• [TASK PROMPT] Reproduce the listing below from the line with "Calfskin Tote Bag Black" to the line with "Rico Design Knopf beige-grau 2", both lines included, character for character, minus any pictures.
[[ MATERIAL SUPPLIED, beginning ]]
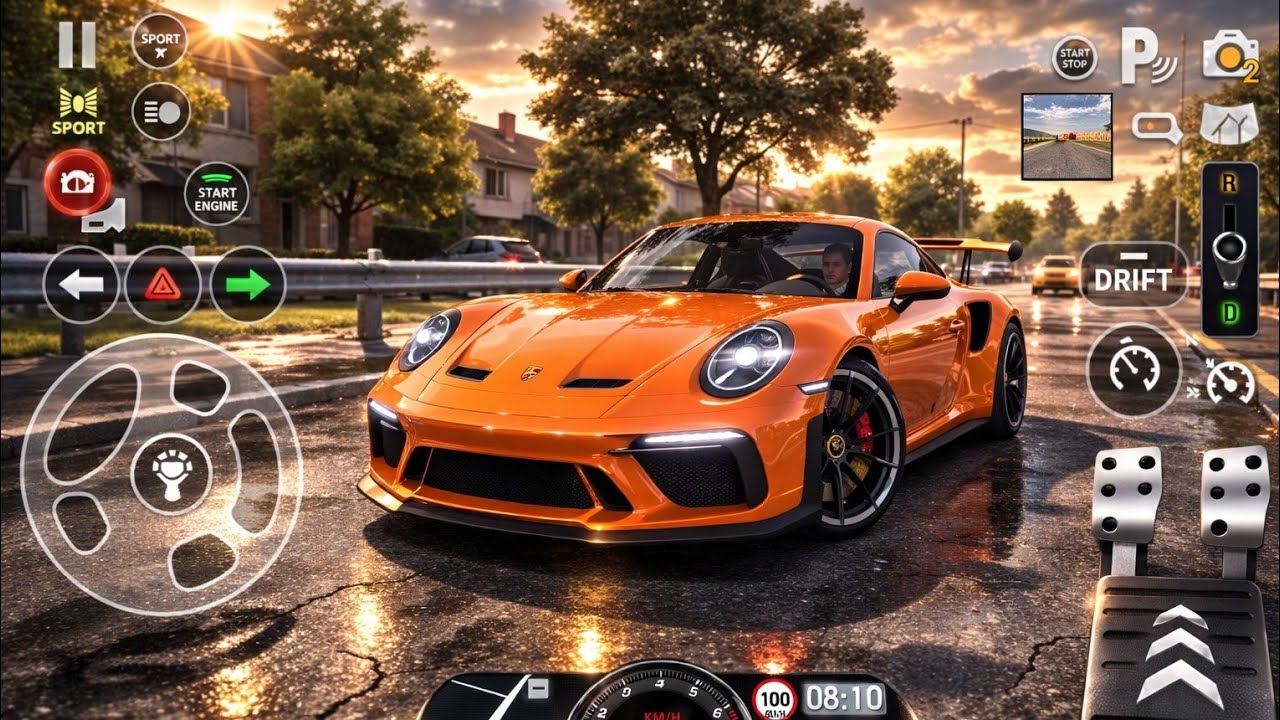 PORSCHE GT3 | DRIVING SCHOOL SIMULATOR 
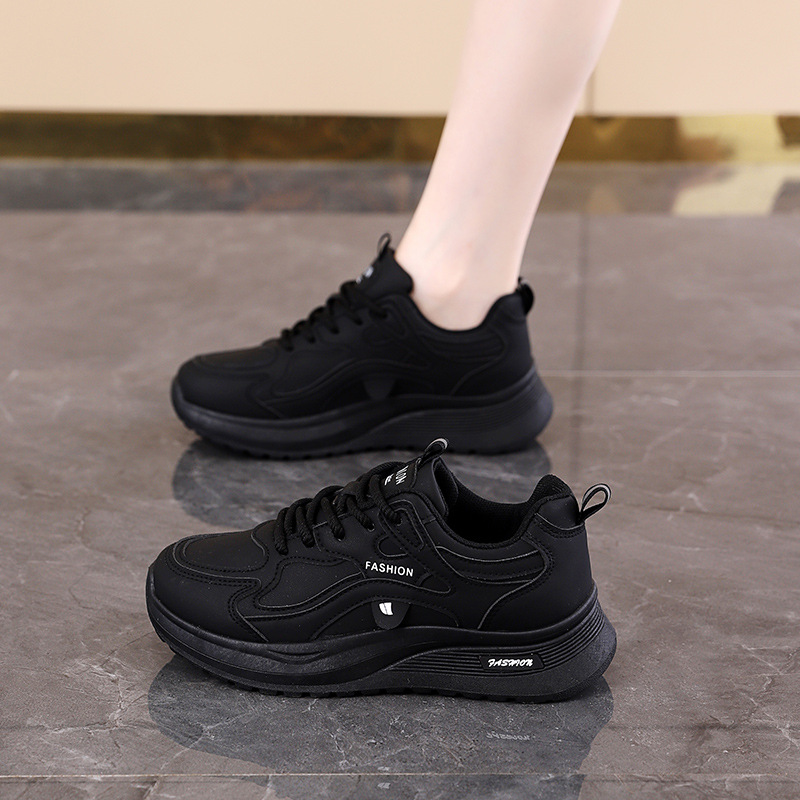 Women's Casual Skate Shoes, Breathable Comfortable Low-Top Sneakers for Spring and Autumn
[[ MATERIAL SUPPLIED, end ]]
[[ MATERIAL SUPPLIED, beginning ]]
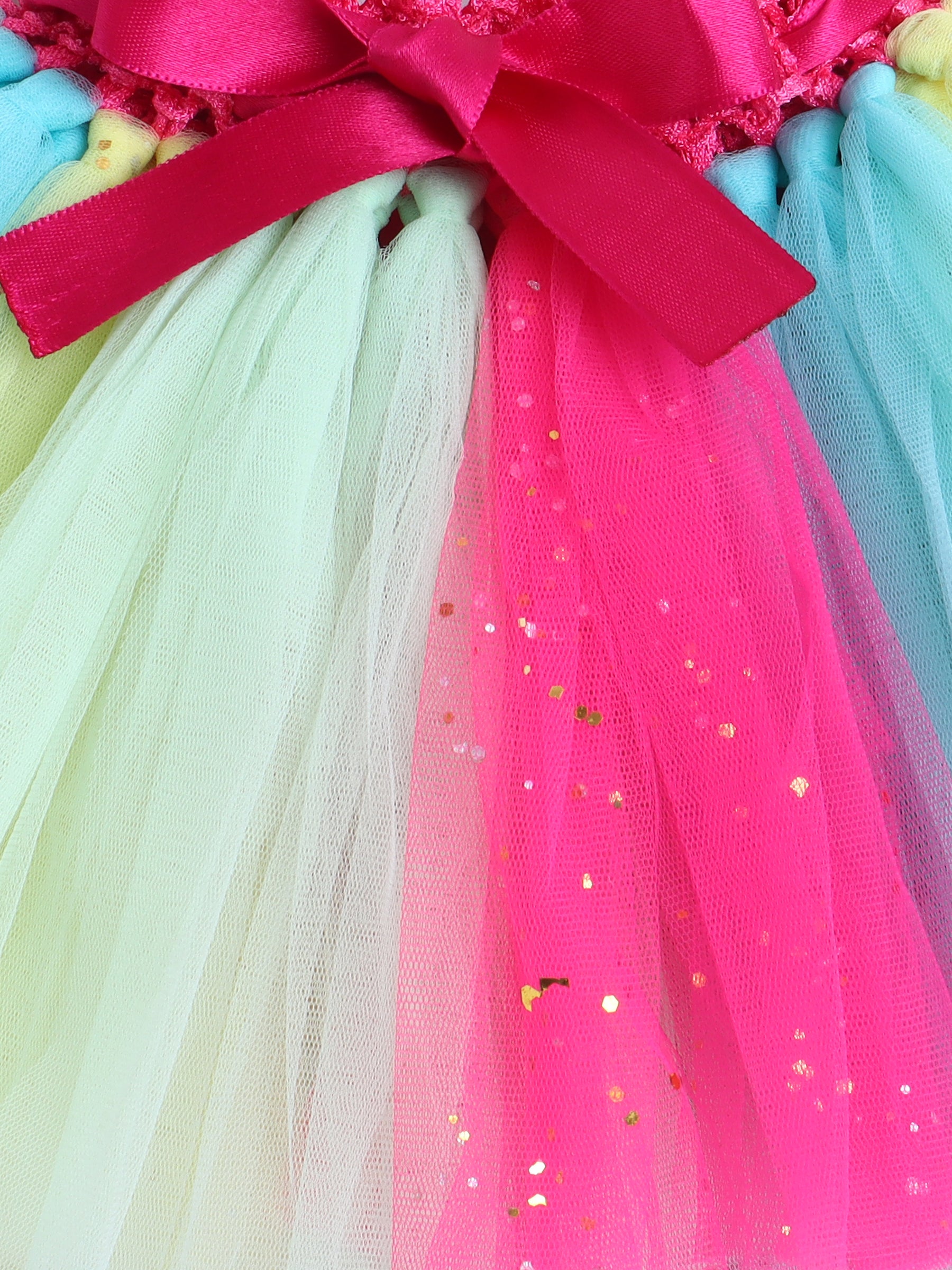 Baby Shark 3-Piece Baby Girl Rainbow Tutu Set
[[ MATERIAL SUPPLIED, end ]]
[[ MATERIAL SUPPLIED, beginning ]]
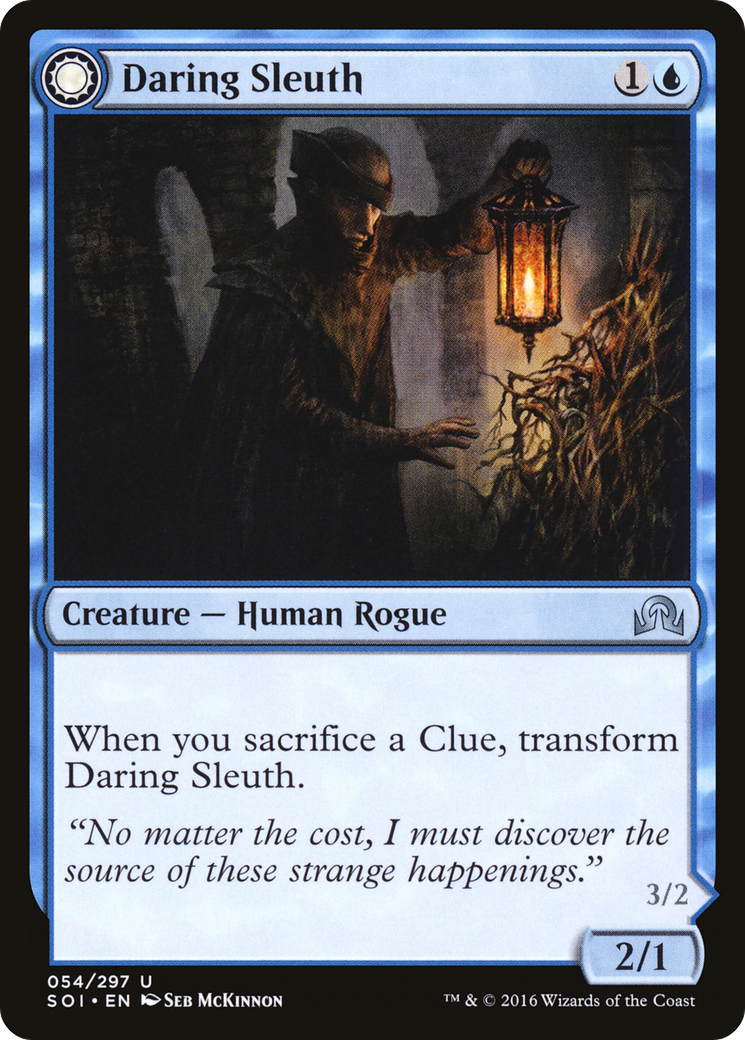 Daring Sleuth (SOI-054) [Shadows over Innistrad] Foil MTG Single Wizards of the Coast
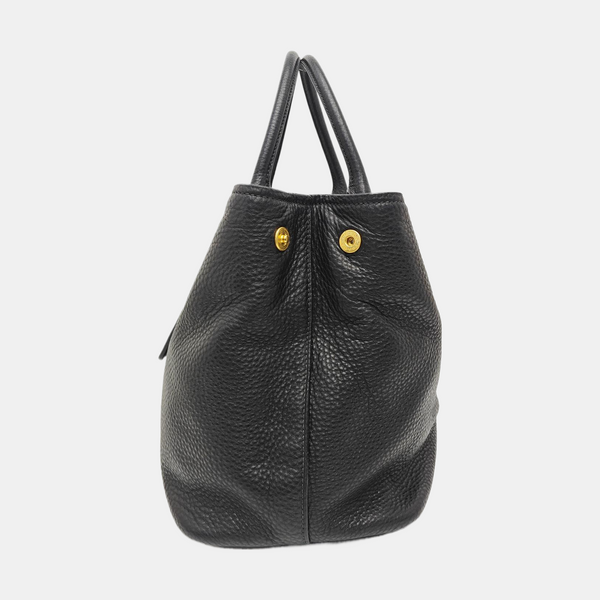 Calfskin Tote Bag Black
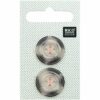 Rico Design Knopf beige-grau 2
[[ MATERIAL SUPPLIED, end ]]
• [THE ANSWER]
 Calfskin Tote Bag Black
 Rico Design Knopf beige-grau 2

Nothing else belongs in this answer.